__Information supplied__
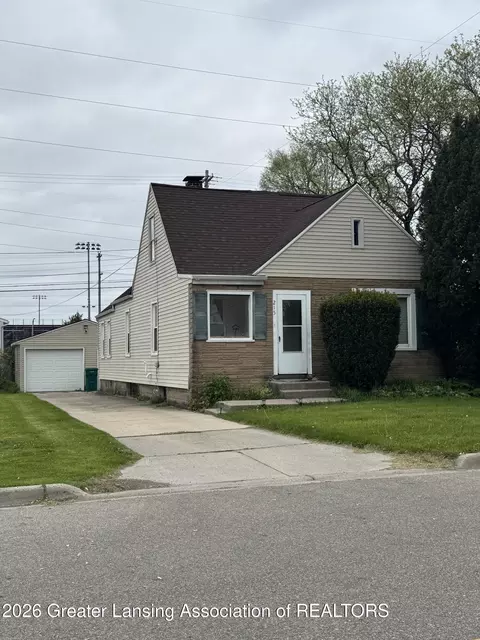 215 Hungerford St, Lansing, MI 48917
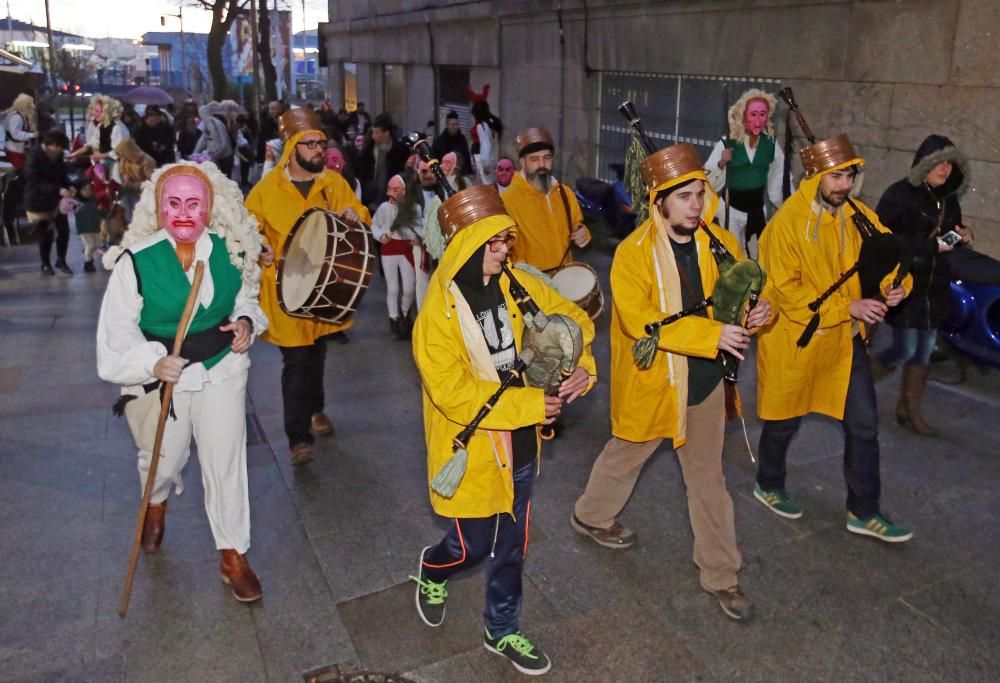 Cerca de 50 niños recorrieron las calles del centro de la ciudad con máscaras artesanales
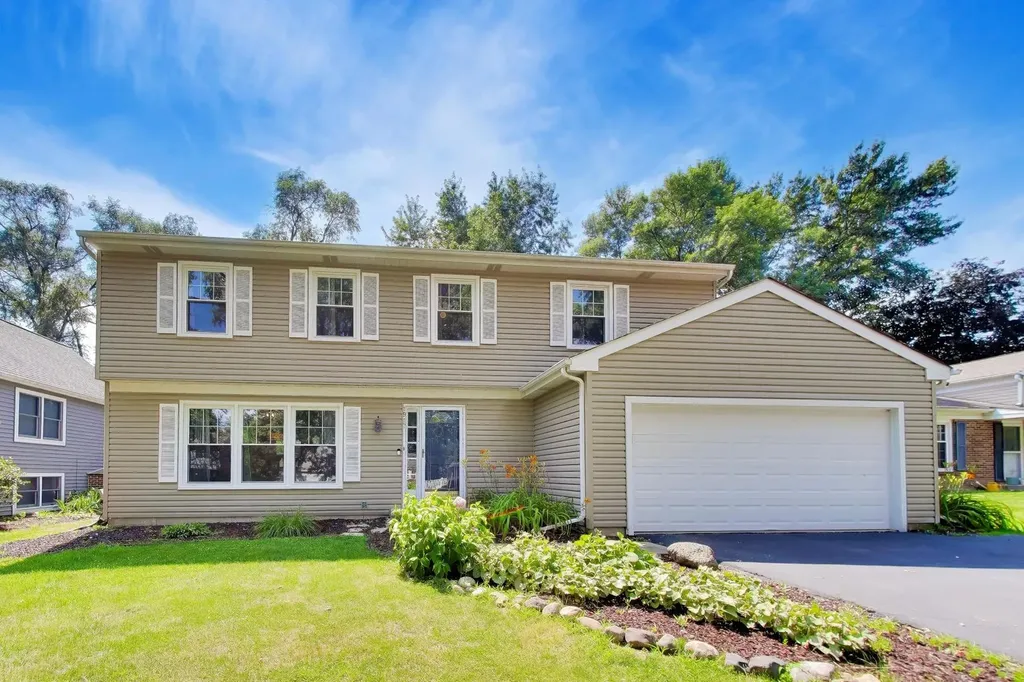 1917 Templar Drive Naperville IL 60565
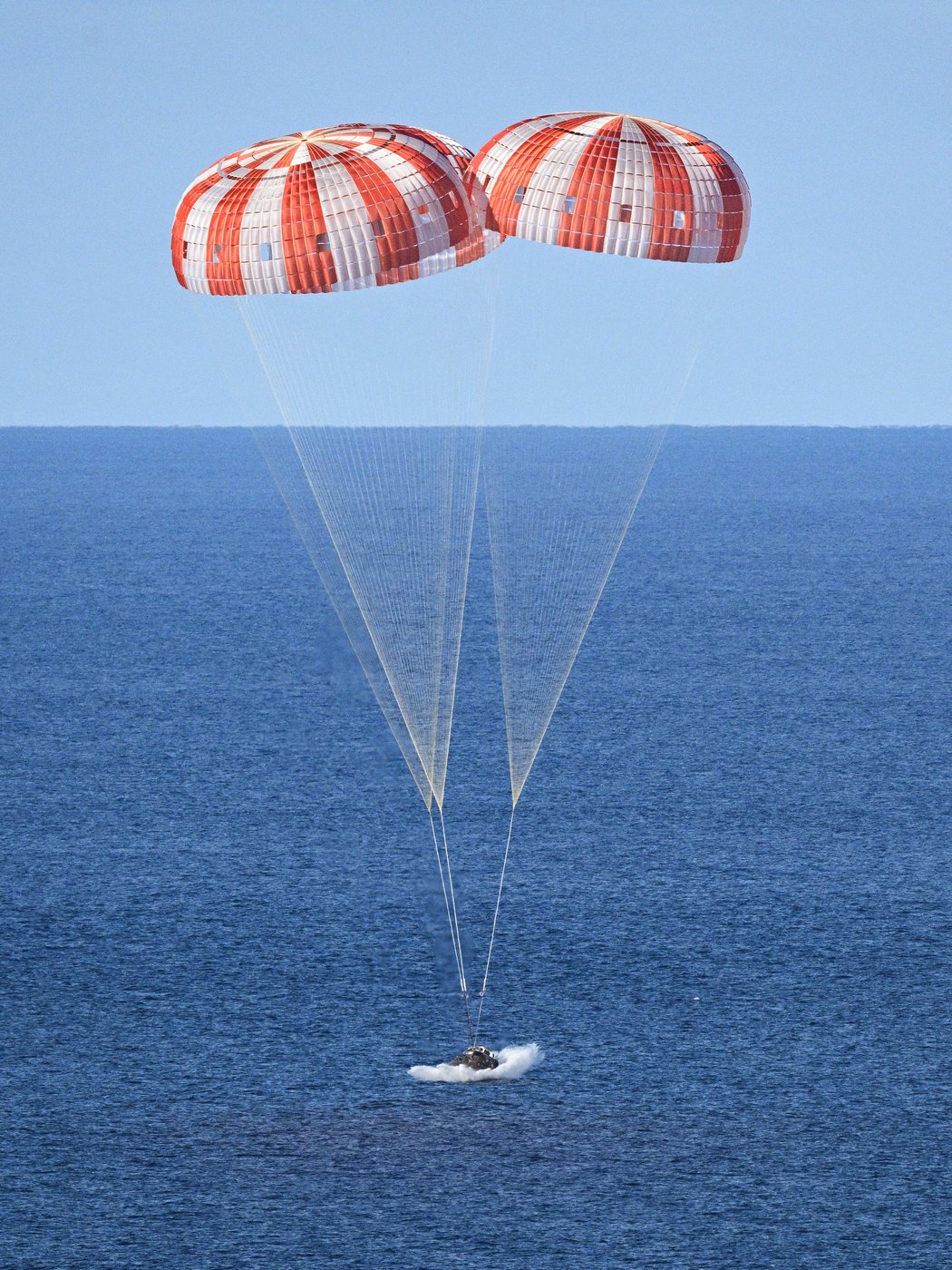 See the world in vertical: Top photos by AP photojournalists | iNFOnews.ca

__Brief__
Each line from the one with "Cerca de 50" to the end of the material needs to be output word for word, with no picture included.

__Output of the exercise__
 Cerca de 50 niños recorrieron las calles del centro de la ciudad con máscaras artesanales
 1917 Templar Drive Naperville IL 60565
 See the world in vertical: Top photos by AP photojournalists | iNFOnews.ca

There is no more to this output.